By IANS,
New Delhi: The Indian rupee fell to a record low Wednesday at 53.88 to a dollar on increased demand for the US currency from importers and gloomy outlook for the global economy owing mainly to the debt crisis in eurozone.
This is the third consecutive day which has seen the rupee falling to new lows.
The Indian currency recovered from the low hit in morning trade, but traded below the 53-a dollar level through the day before closing at 53.70 per dollar. The weakness in the equities markets also put pressure on the currency.
Foreign institutional investors, in fact, sold stocks worth $91.66 million Wednesday, according to data available with the Securities and Exchange Board of India (SEBI).
Traders expect rupee to depreciate further to about 54-56 rupees to a dollar in the near term.
A depreciating rupee makes imports costlier, and has a major impact on the country’s oil bill by putting pressure on retailers to hike prices of at least de-regulated fuels like petrol and aviation turbine fuel. This adds to the inflationary pressures.

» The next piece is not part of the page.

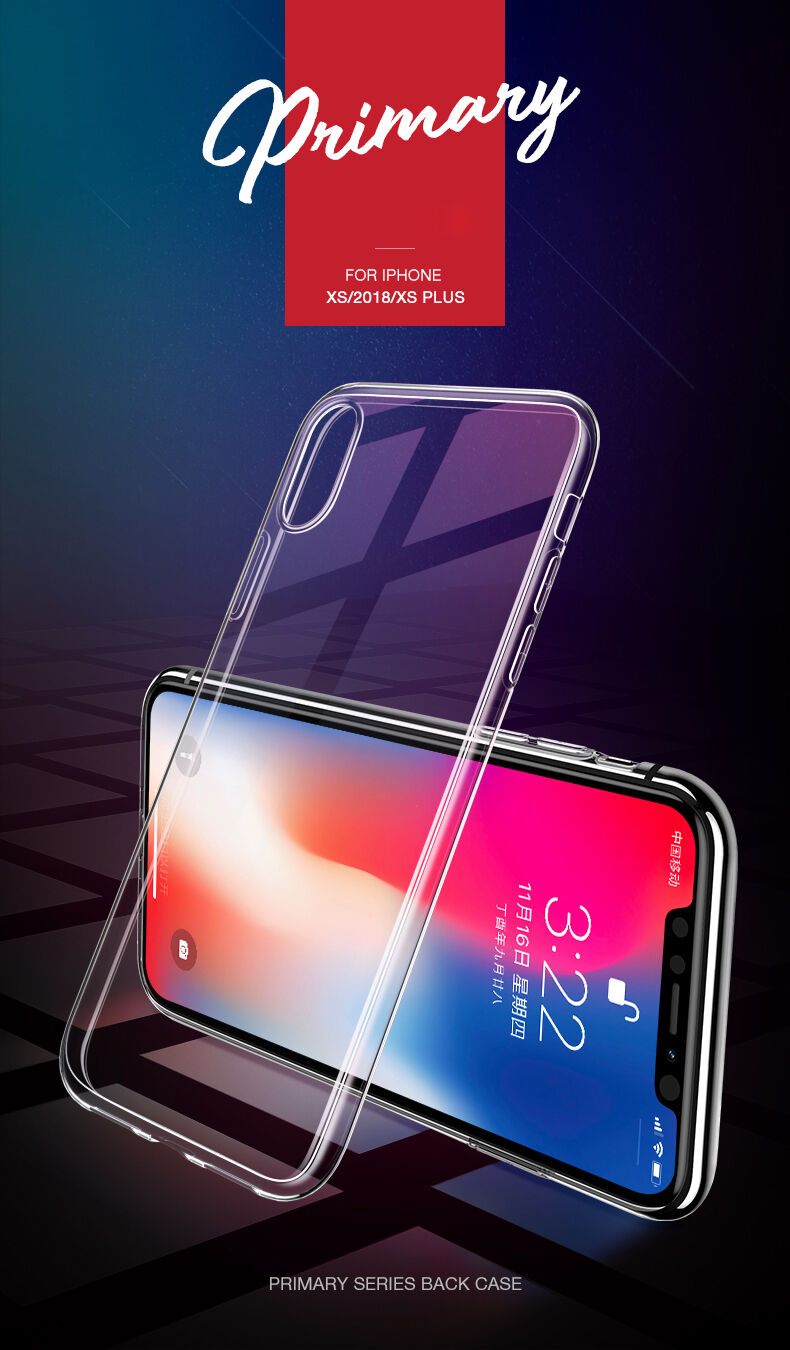 USAMS транспарентна панелью для iPhone XR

Finance Minister Pranab Mukherjee said while excessive capital inflows in the aftermath of global economic crisis led to sharp appreciation in the value of Indian currency, the reversal has now caused a sharp depreciation.

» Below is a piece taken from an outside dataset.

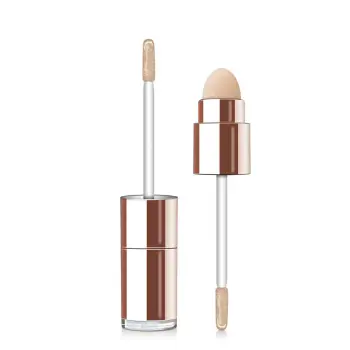 ALVIN D OR Консилер жидкий+спонж, тон 02 / 24H Full cover concealer 6 мл, фото 3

“We have witnessed sharp depreciation of the rupee vis-a-vis the US dollar in the last few months,” said Mukherjee at the Delhi Economics Conclave here.
C. Rangarajan, the chairman of the Prime Minister’s Economic Advisory Council and a former RBI governor, said the central bank could intervene to combat fluctuations in the currency if the factors affecting it were from within the country.

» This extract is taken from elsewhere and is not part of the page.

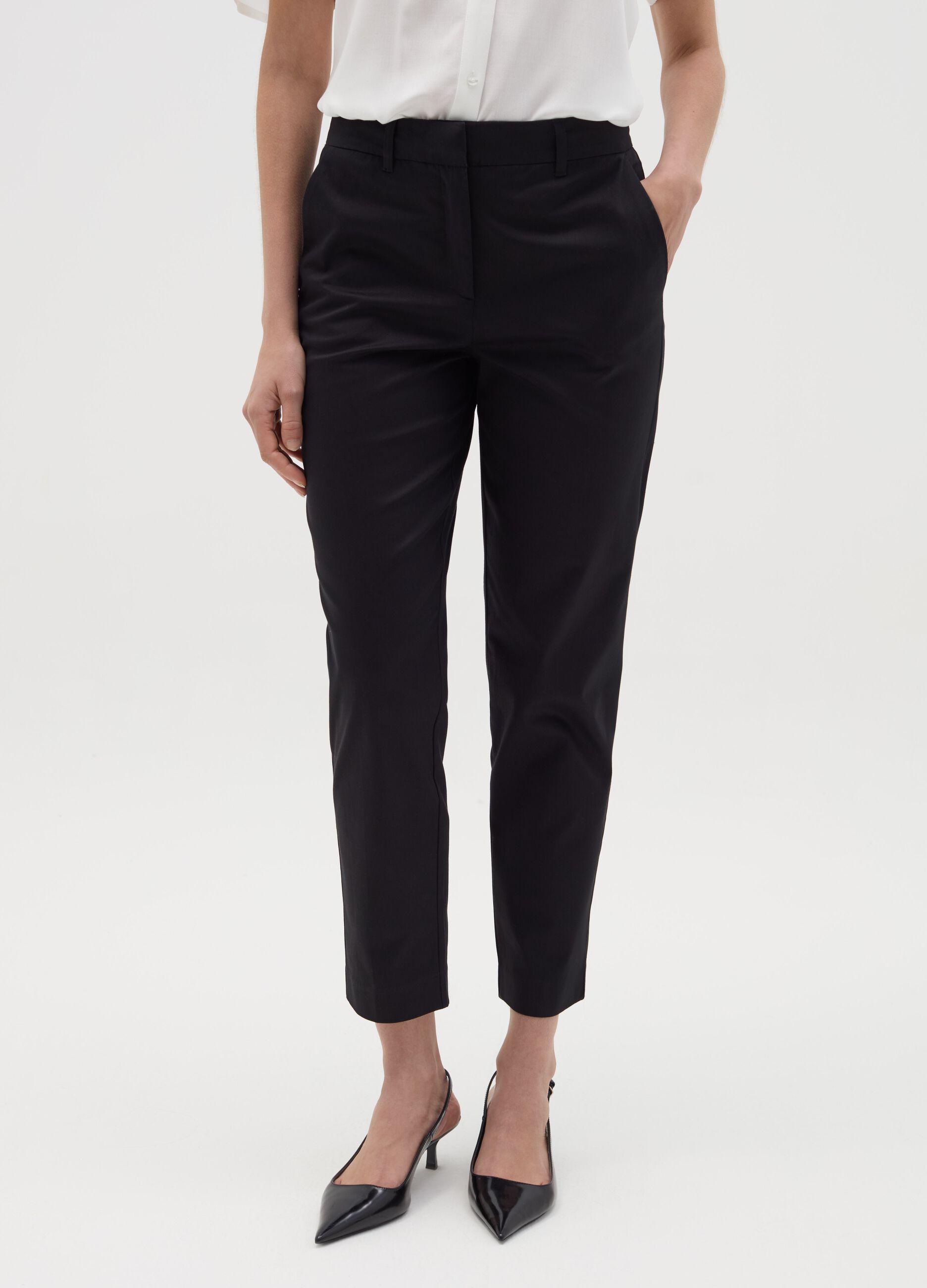 Stretch chino trousers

“If the behaviour of Indian rupee is because of certain factors which generate in the Indian economy, then we can use the foreign exchange reserves to control the volatility,” Rangarajan said adding that the reasons for the current depreciation were external economic conditions and an increasing capital account deficit.
In the past four months, the rupee has lost more than 19 percent as India’s imports started far outweighing its exports. The current account deficit which is the difference between a country’s imports of goods, services and its exports has widened to over 3 percent of the gross domestic product.
Many of the country’s import-dependent sectors will see costs going up if the rupee doesn’t stabilise in the near future.
But analysts are hoping for some intervention from the central bank like it did in September and October.
The RBI had sold dollars worth $845 million and $943 million in September and October, respectively, to support the currency, according to data available with the central bank.